- **DATA SUPPLIED**
⁂

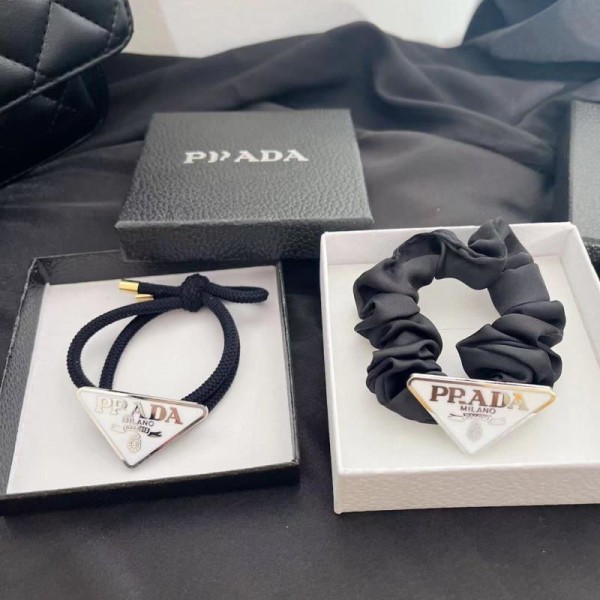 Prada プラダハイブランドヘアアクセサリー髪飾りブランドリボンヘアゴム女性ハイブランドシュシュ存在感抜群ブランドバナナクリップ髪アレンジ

⁂

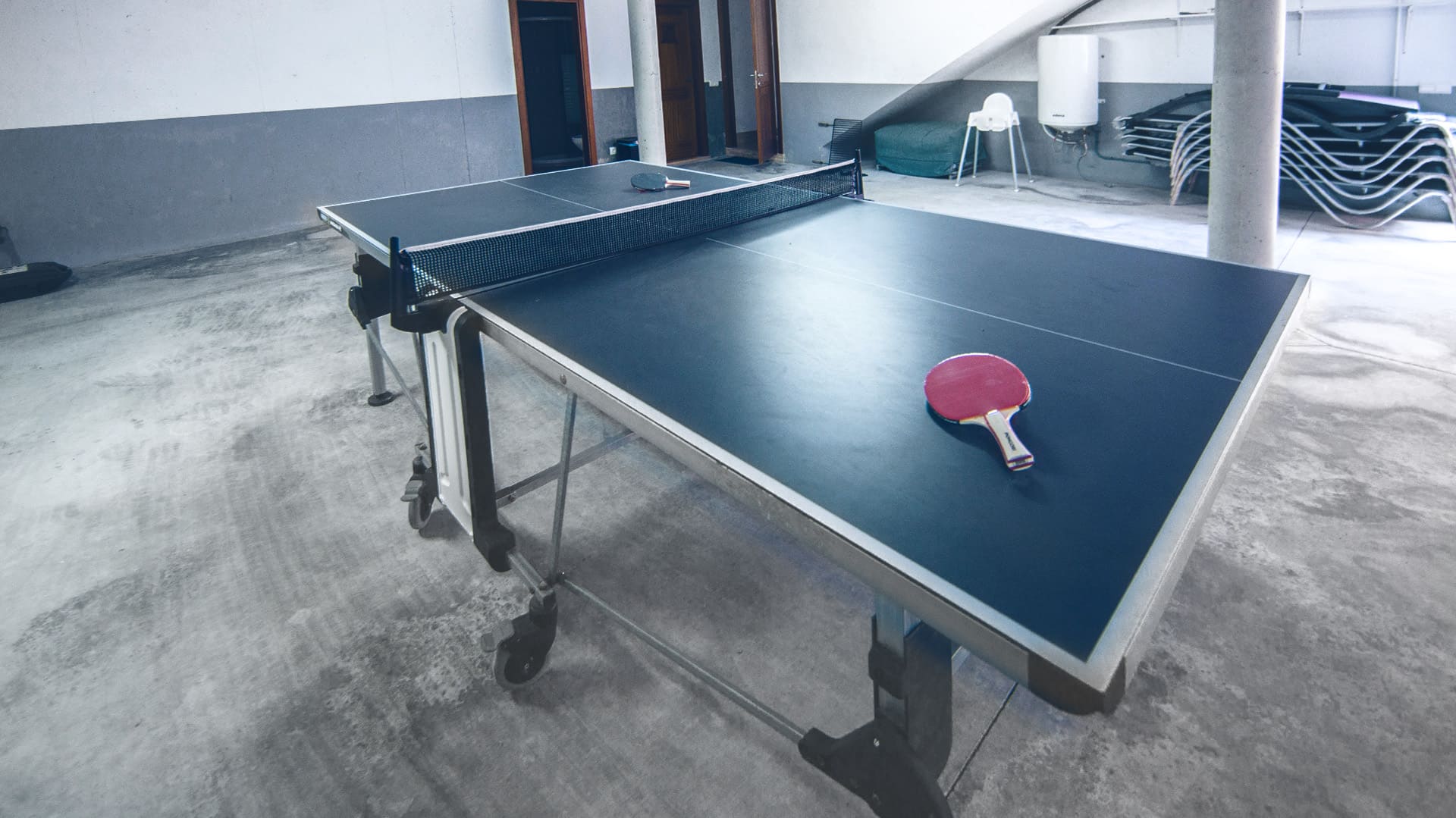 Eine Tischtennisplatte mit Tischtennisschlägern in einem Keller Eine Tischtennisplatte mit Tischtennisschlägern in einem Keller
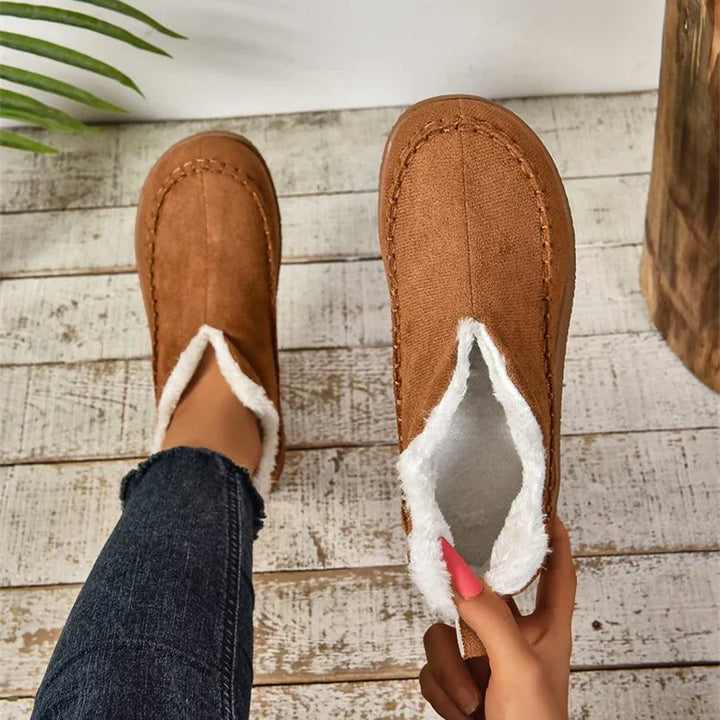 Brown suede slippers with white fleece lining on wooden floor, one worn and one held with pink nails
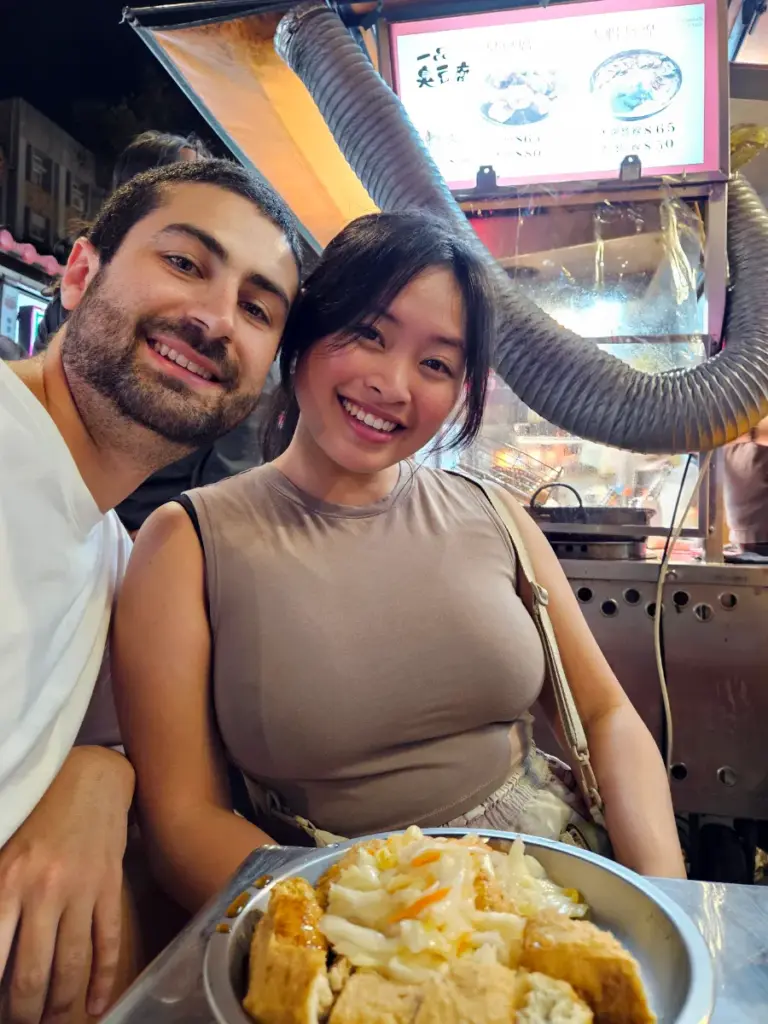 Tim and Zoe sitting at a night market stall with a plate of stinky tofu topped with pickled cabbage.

⁂

- **YOUR OBJECTIVE**
Please print the lines above word for word, starting at the one with "Brown suede slippers" and ending at the one with "Tim and Zoe", both included, and without any picture.

- **EXERCISE ANSWER**
 Brown suede slippers with white fleece lining on wooden floor, one worn and one held with pink nails
 Tim and Zoe sitting at a night market stall with a plate of stinky tofu topped with pickled cabbage.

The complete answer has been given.